You appear to have some difficulty with conditional statement. When someone says, "if A then B", they are not asserting B and they are not asserting A. But such a statement does allow you to conclude "if not B then not A". Which is precisely my purpose for making the statement. So when I say,
"If God's choices are based on a knowledge of precisely and absolutely how we will respond to His influence, then it is God's choices that determine our actions rather than our choices because God inflence is obviously irresistable"
My intent is to say that God's choices are NOT based on a knowledge of precisely and absolutely how we will respond to His influence, because what you call Calvinism, that "God's choices that determine our actions rather than our choices" is not acceptable.
These are just words. If God knows what we will do as a consequence of His own choices then what we do is a consequence of His choices rather than ours. Therefore I deny that He has any such knowledge, by His own choice.
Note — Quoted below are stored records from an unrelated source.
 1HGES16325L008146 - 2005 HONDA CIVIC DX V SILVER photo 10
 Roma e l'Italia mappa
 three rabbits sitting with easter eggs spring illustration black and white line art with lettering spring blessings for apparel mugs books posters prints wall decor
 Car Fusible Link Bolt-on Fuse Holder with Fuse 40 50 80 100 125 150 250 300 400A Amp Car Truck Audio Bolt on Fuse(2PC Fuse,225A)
Competing wills? God is conflicted? Contradiction vanishes here with clarity of thought. God's will is for us to live, but our life requires us to connect with the source of life ("choose Him" as you say). But this avails nothing if we do not choose freely. Free will is the essence of life, therefore we cannot live unless we choose Him of our own free will. So it is by the Grace of God that He intervenes in our life to liberate our free will from the bondage of sin sufficient for us to make a choice. It is just that many people living long in the habits of sin feel like they are dragged against their will because they confuse these habits with their free will. Our free will is clearly seen afterwards when we are free to return to our sin like a dog to its vomit, if we so choose.
It would be fair to say that I haven't the slightest idea what you are talking about. I see no reason why foreknowledge is necessary to achieve Grace. Certainly I do not see any reason why God's providence requires anything like exhaustive foreknowledge. Grace is not about prediction but about a relationship with God. Either we are under the relentless downward acceleration of the law of sin (like the law of gravity) or we are in the hands of God. Grace is sufficient because God is sufficient and He does not need to predict when He is there to take whatever action is needed to make it so.
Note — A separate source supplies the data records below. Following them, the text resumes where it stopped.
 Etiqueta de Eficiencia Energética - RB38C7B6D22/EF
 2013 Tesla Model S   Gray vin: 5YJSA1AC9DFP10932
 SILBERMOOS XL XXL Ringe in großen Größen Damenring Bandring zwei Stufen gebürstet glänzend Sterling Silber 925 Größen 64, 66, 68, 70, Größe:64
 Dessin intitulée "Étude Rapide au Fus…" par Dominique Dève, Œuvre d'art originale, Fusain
I think perhaps you are confusing Grace with the fact that we can only know who is saved by to who makes it to the end. But God knows who He has taken into His care without any such foreknowledge.
I think the question of whether the future is real or exists is irrelevant, for this is merely a matter of ones point of view. We can think of the future existing and yet retain free will if some aspects of the future exists in an indeterminate state. Do not forget that Christianity includes things like prophecy and predestination. One can think of our world of time and space as book for which God has written the broad outlines while leaving portions or details of the story for us to write ourselves. God can open the book to any page but why would He do such a thing? For the greatest enjoyment and participation in our live, aesthetics dictates that He will read the book in a time ordered fashion, and therefore not knowing the portions we write until the proper time.
It is another lesson of physics that it often takes several seemingly contradictory ways of looking at the same thing to get a complete understanding of it.
Your reasoning here is not intellegible to me.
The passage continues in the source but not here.